Citation needed on this one.
That would make any dashboard that showed which api endpoints are the most popular also illegal.
Anomyous telemetry is not PII. GDPR is personal data.
That depends. First, no data collection is "anonymous" when it is transmitted. Any anonymity must come later, and then is only possible if the company aggregates the data with other users and deletes the original data that was collected.
PII/Personal Data are squishy terms. In the US, anyway, the legal definitions of what counts as "PII" leaves out an awful lot of actual PII -- so any claims that "no PII is being collected" is meaningless without additional explanation of what data items are being collected.
Because no network connection is anonymous but as long as you aren't handling PII, GDPR has nothing to say about it.
I could sell an app in the EU that just pinged my server once a day. As long as I wasn't keeping a record of who pinged what when, there is no PII.
Otherwise everything is PII and you would need consent before every TCP handshake.
Data processing is not just about 'keeping a record'. Processing even for a millisecond is also processing.
> Otherwise everything is PII and you would need consent before every TCP handshake.
Consent is not the only ground for data processing. Normally, it would just be performance of a contract, as the user wants something from you.
It is clear that the EU does not consider telemetry to be strictly necessary and while there can be times when telemetry is allowable with the legitimate interest legal basis (for example, to prevent fraud or to comply with legal obligations), there is already plenty of case law across the EU that shows that the legitimate interest legal basis will not be accepted for user analytics.
For this reason, it seems unlikely that the proposed telemetry will be compliant in the EU.
It's not the network connection that eliminates anonymity (although that, too), but the data itself. Even if there's no single piece of PII involved, fingerprinting is still a thing. That's why, if you want a hope at anonymity, you have to add the collected data into an aggregate collection and delete the original data records.
Are we assuming 1Password is lying about anonymisation?
My point is they didn't "sneak it past the regulators", it's plainly legal to do this under GDPR, and if it isn't I need a citation.
I wouldn't put it that way. Rather, I'd say that you shouldn't assume something is true just because a company claims it is. Especially when that thing can have a material effect on their profit margin.
How are you exactly going to submit it anonymously? Will it connect over Tor? Because if you just send it over your internet connection, it arrives with your IP address on the packets, which is PII, which makes it data processing of PII, which makes it require a legal basis to process. And it is legally uncertain that 'legitimate interest' is a valid ground for telemetry data, leaving only opt-in consent.
Edit: It would also violate using any networks that transit such countries, because TLS and TCP handshake info might be PII too. I find that such a ridiculous position to have re GDPR.
1P already has consent from users for its apps to use the network to connect to their services.
They do not need an additional agreement ie opt-in consent. If they are collecting non-PII they can use the current opt out.
Yes, and this is the current situation with the US following Schrems II. Obviously, lots of companies are non-compliant as everyone is waiting for a diplomatic solution following the ruling against Privacy Shield.
> 1P already has consent from users for its apps to use the network to connect to their services.

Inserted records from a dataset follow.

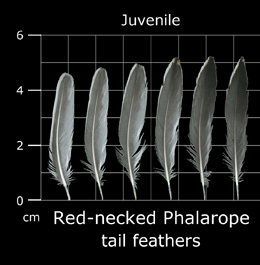 Red-necked Phalarope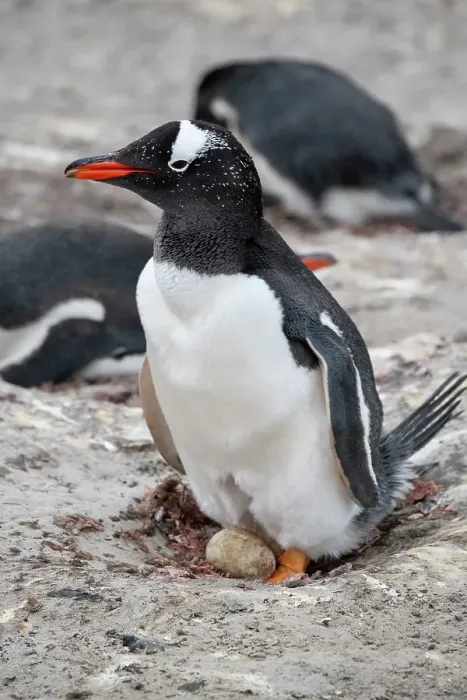 Framed Print : Falkland Islands, West Falklands, Saunders Island. Nesting gentoo penguin with egg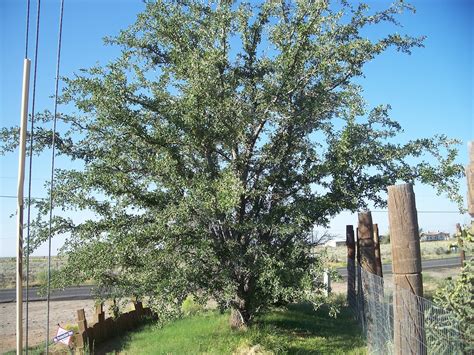 Quercus fusiformis 12 ESCARPMENT LIVE OAK ACORNS Seeds & Bulbs Tree ...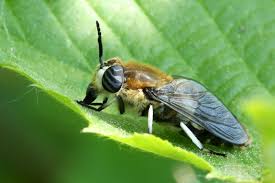 Attēlu rezultāti vaicājumam “Heptatoma pellucens”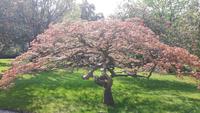 Isola Madre (Englischer Garten)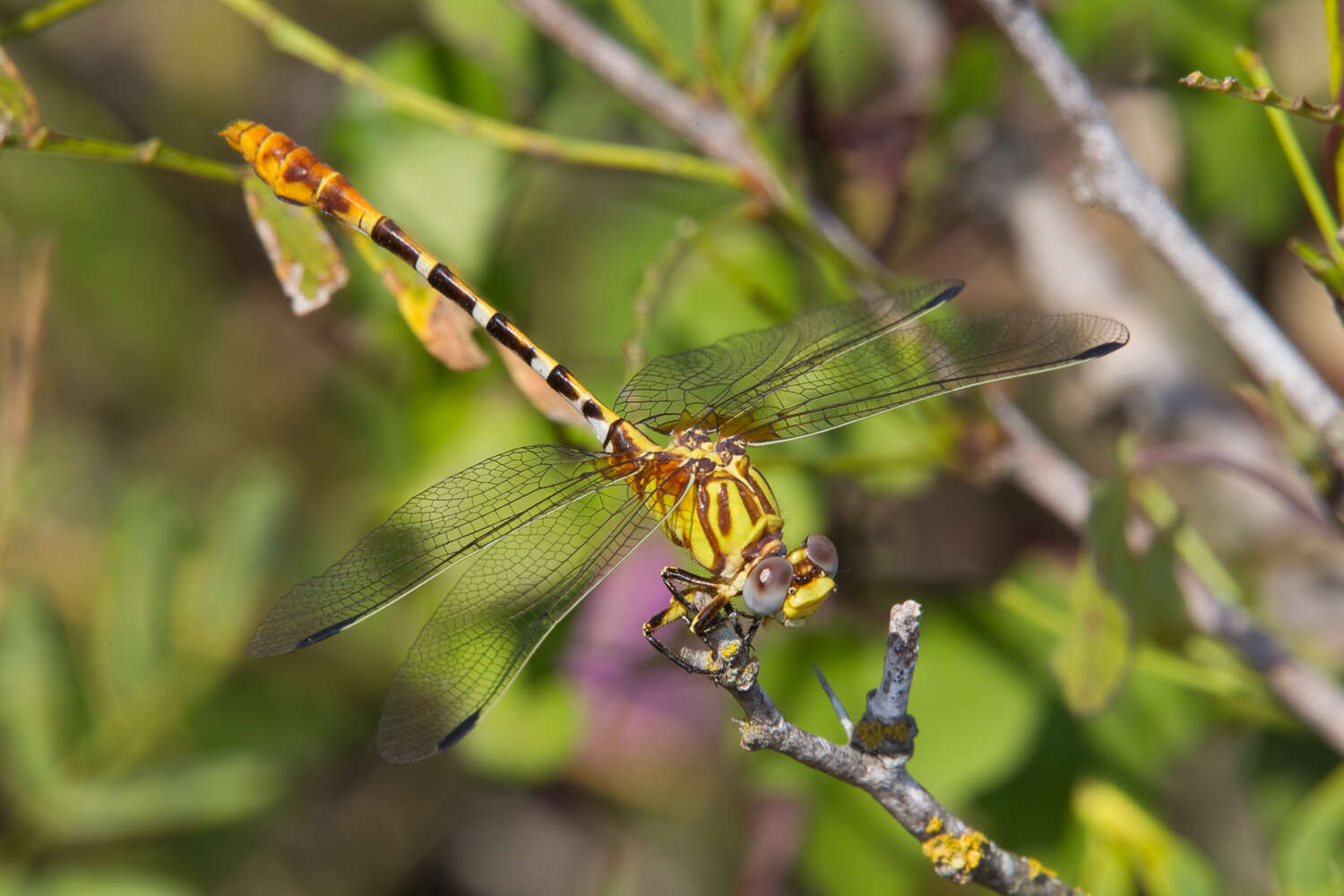 Imagem de Erpetogomphus designatus Hagen ex Selys 1858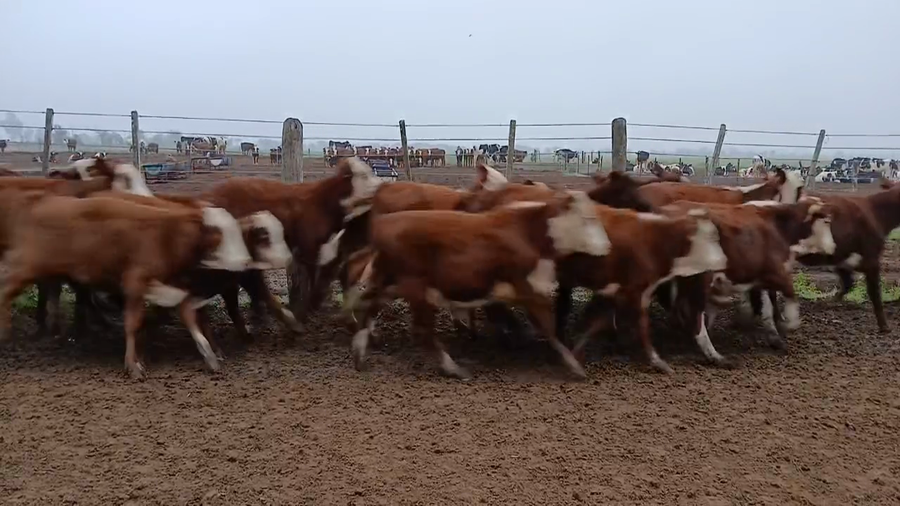 Lote 26 Terneras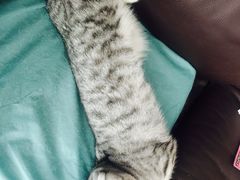 -康旭宠物医院(郑州总院)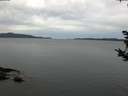 ./images/koeye/fitz-hugh/20181003/fitz-hugh20181003_080501.jpg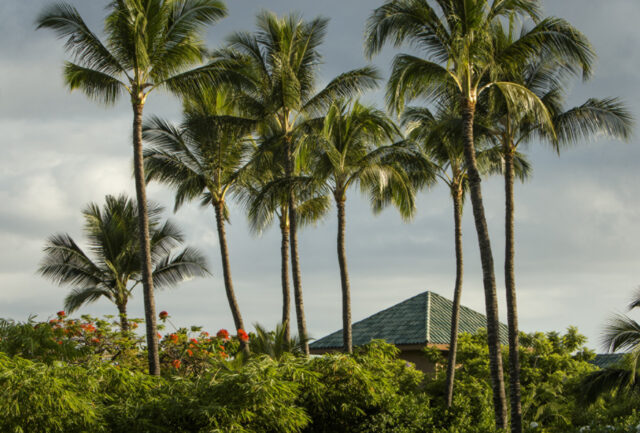 Four Seasons Lana’i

They probably rely on the strictly necessary legal basis for network connections that are required to run the service. However, each purpose much have its own legal basis and you cannot bundle purposes. For example, you cannot gain consent to process given personal data for one purpose and then process it for another purpose.
Consent must be bound to one or several specified purposes which must then be sufficiently explained.
Everyone just consents anyway...
Unless you don't lie to them and don't use every dark pattern in the book to trick them into clicking the checkbox.
I am countering the position of the parent poster and asking for a citation that would indicate you don't need to sneak this around the EU regulators to do it.